▶ **Source data**
##########
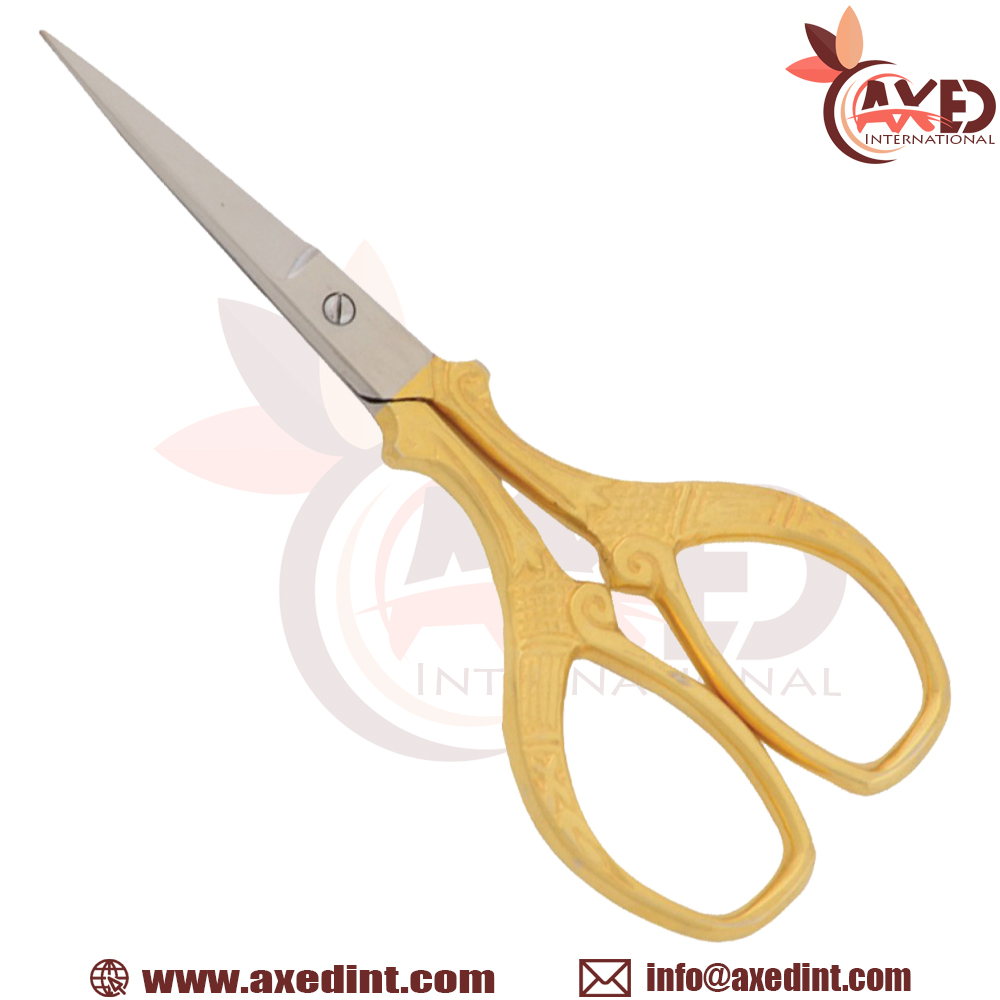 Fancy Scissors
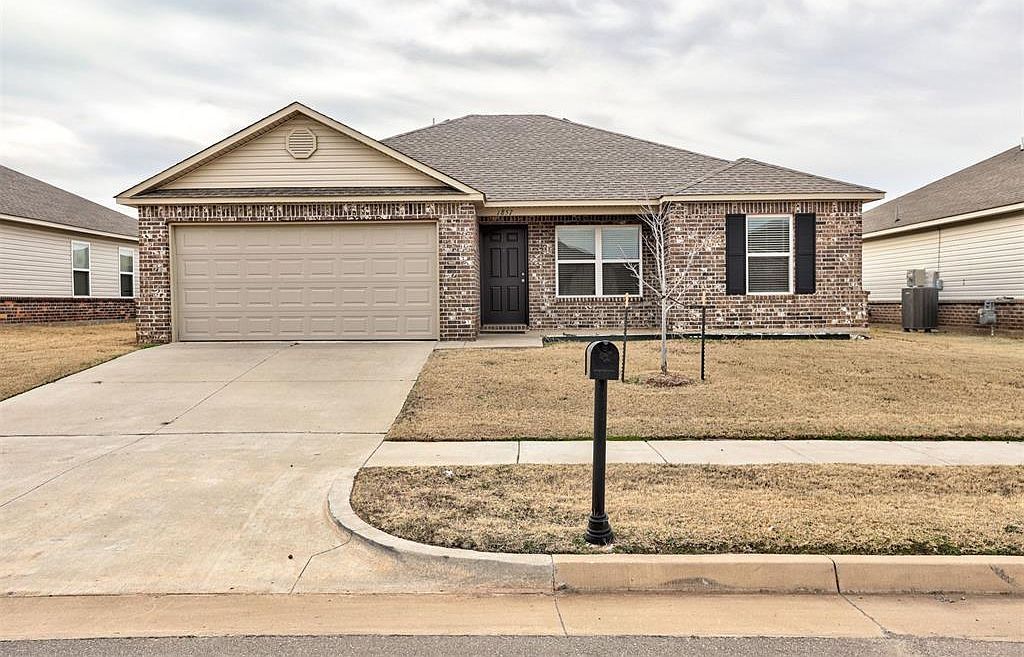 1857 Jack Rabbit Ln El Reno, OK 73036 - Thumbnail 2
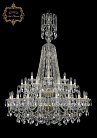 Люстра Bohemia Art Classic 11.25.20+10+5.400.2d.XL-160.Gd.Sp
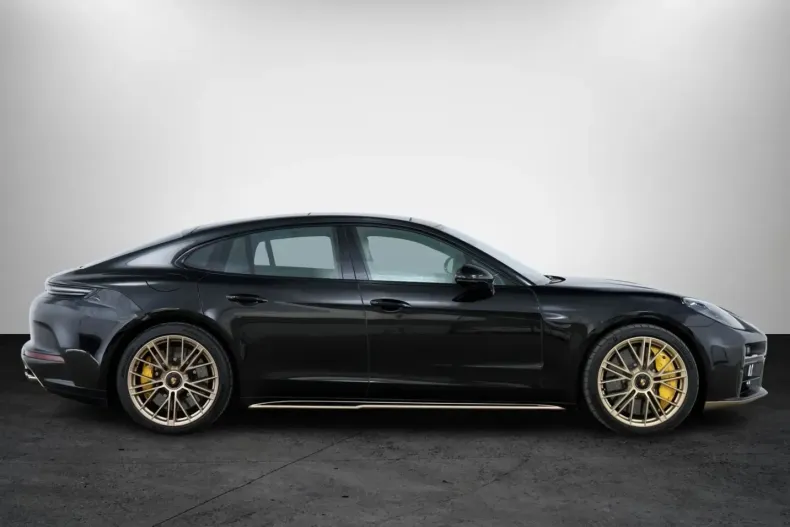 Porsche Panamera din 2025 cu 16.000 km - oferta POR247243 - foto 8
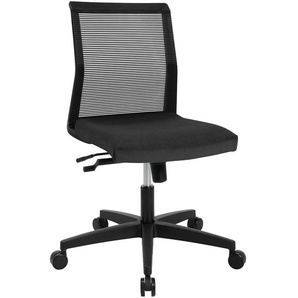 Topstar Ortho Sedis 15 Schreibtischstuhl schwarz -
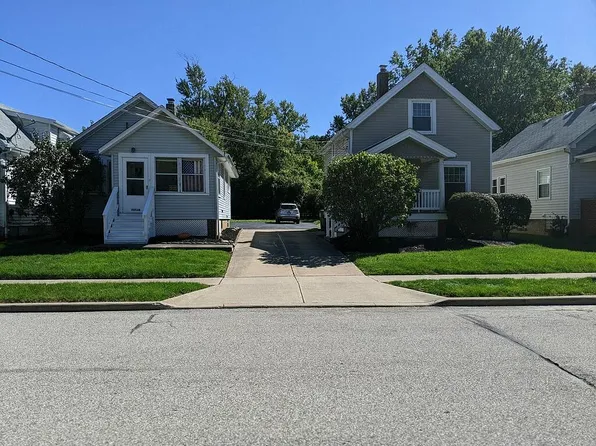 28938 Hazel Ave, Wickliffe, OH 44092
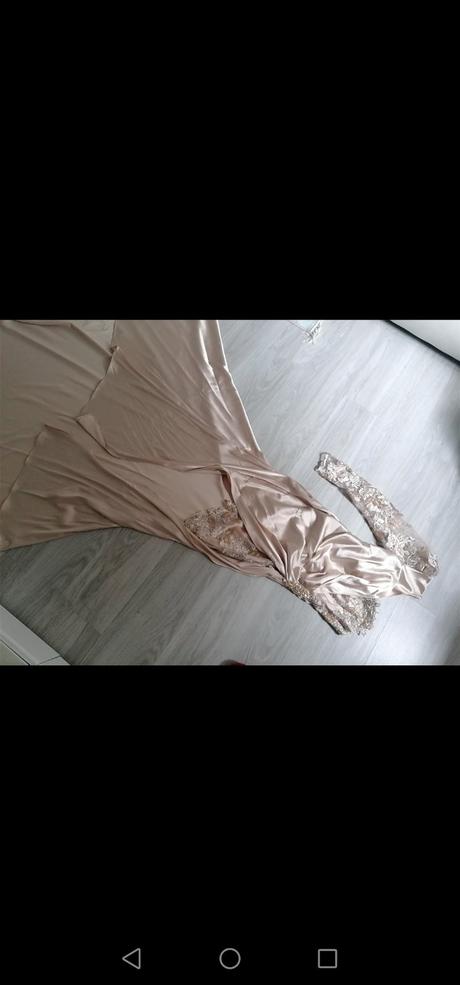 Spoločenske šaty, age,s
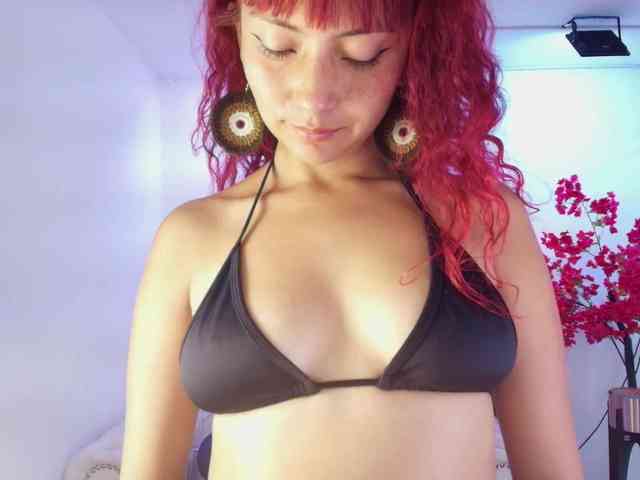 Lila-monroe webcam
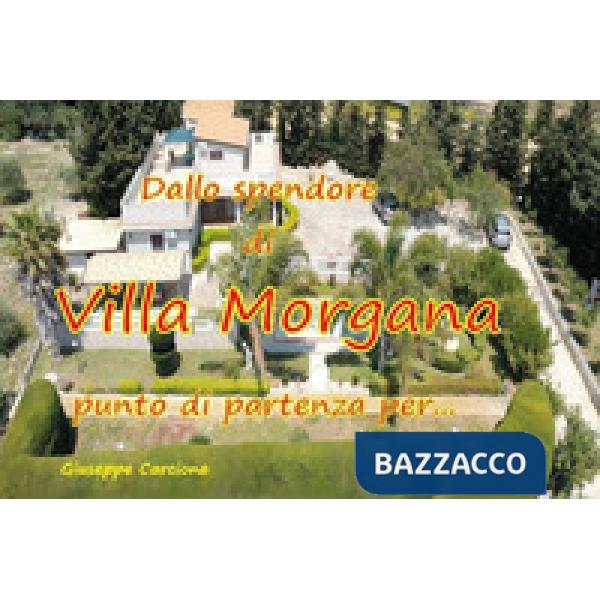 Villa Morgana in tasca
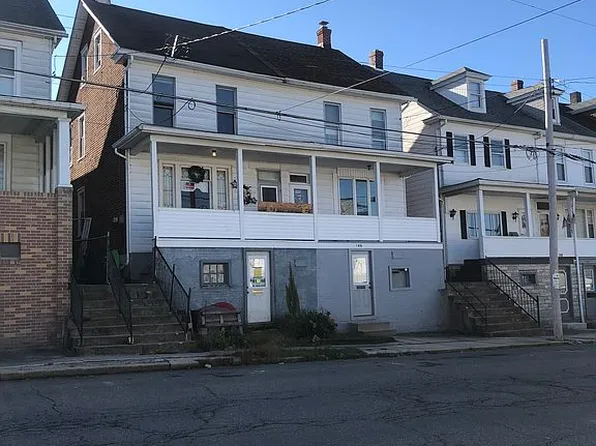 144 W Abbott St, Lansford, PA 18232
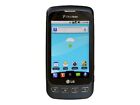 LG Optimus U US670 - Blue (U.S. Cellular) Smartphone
##########
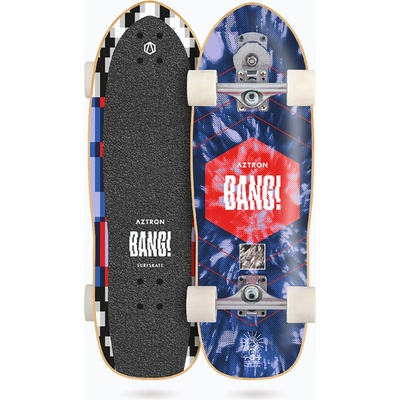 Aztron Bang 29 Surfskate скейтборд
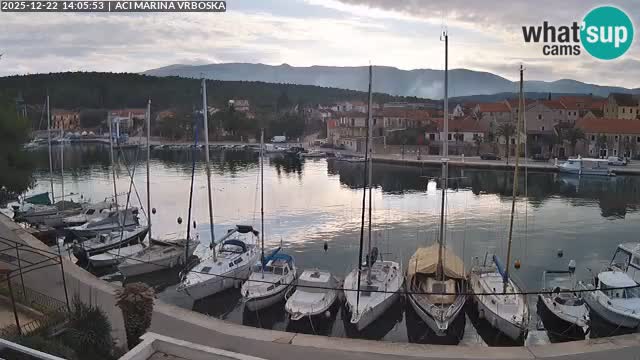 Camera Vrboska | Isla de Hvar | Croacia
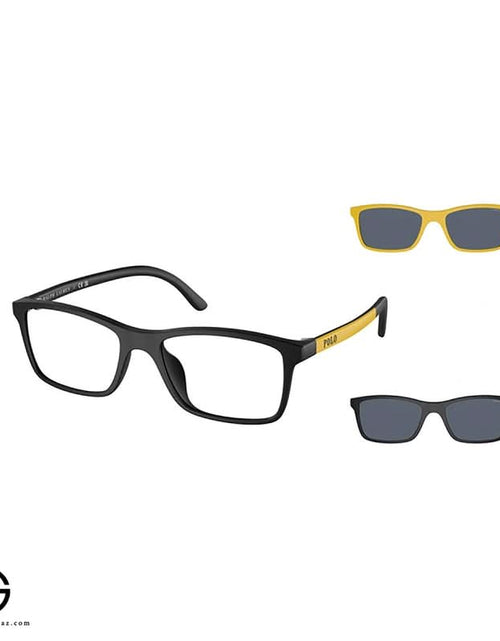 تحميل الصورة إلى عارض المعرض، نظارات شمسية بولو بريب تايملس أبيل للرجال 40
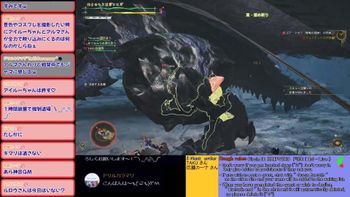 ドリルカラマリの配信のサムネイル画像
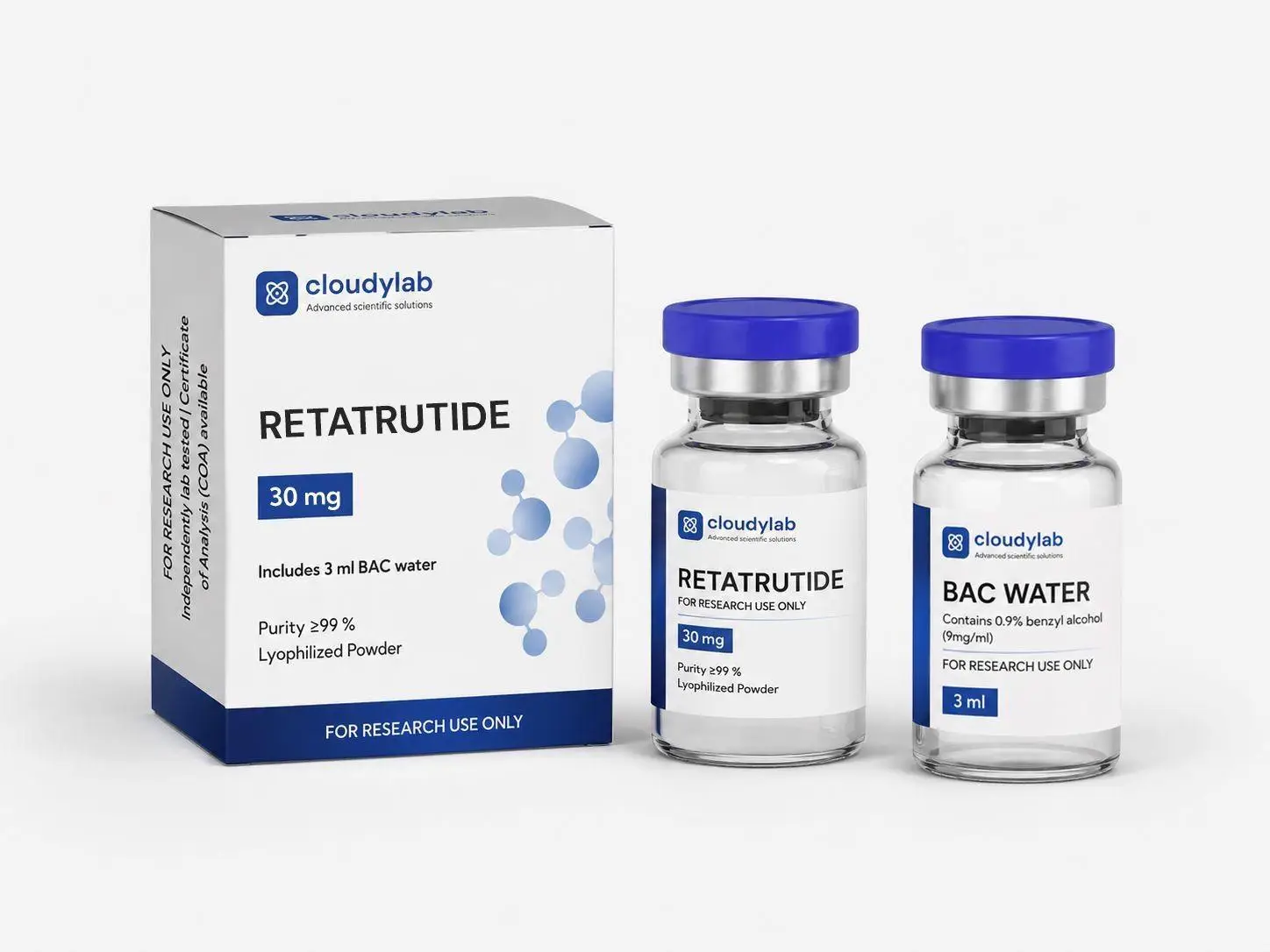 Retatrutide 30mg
##########
▶ **The task**
Only one stretch of the listing is wanted: the lines starting at the one with "تحميل الصورة إلى" and ending at the one with "Retatrutide 30mg", copied exactly and free of pictures.

▶ **Solution to this problem**
 تحميل الصورة إلى عارض المعرض، نظارات شمسية بولو بريب تايملس أبيل للرجال 40
 ドリルカラマリの配信のサムネイル画像
 Retatrutide 30mg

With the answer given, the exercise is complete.